The test uses the user.* xattr namespace which should be unaffected by
the xattr changes we did the last few cycles.

> 
> Ted, Christian - I cut down the report mercilessly. It's not really
> all that interesting, apart from the basic information of "xfstest
> generic/454 started failing consistently on ext4 at commit
> 3bc753c06dd0 ('kbuild: treat char as always unsigned')".
> 
> If you think you need more, see
> 
>     https://lore.kernel.org/all/202212291509.704a11c9-oliver.sang@intel.com/
> 
> Also, I'm surprised this hasn't been an issue earlier - 'char' has
> always been unsigned on arm (among other architectures), so if this
> test started failing now on x86-64 due to -funsigned-char, it has
> presumably been failing on arm the whole time.
> 
> I assume it's something that compares a 'char *name' by value, but the
> ones I looked at (eg xattr_find_entry() used strlen()/memcmp() which
> should be all good).
> 
> Oh, I think I see one potential problem in ext4:
> 
> ext4_xattr_hash_entry() is hot garbage. Lookie here:
> 
>         while (name_len--) {
>                 hash = (hash << NAME_HASH_SHIFT) ^
>                        (hash >> (8*sizeof(hash) - NAME_HASH_SHIFT)) ^
>                        *name++;
>         }
> 
> so that hash will now depend on the sign of that 'char *name' pointer.
> 
> If that hash ever has any long-term meaning (ie saved on disk or
> exposed some other way), that would be problematic.

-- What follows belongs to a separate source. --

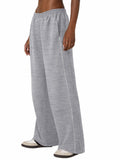 NIMIN Women's High Waist Wide Leg Sweatpants Cotton Light Grey Size M by Deal US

If the xattrs aren't storable in the inode then they are stored in a
separate block. The consist of a header and after that is an array of
struct ext4_xattr_entry entries.

Each of the entries store a hash value e_hash which is a hash of the
xattr name and xattr value.

The aforementioned header contains another h_hash field which seems to
be a hash of all e_hash fields of all xattrs.

For in-inode/ea-inode xattrs a hash for xattr name and value is stored
on disk as well but there's no header. The i_atime field contains a
checksum of only the value that is stored in the inode.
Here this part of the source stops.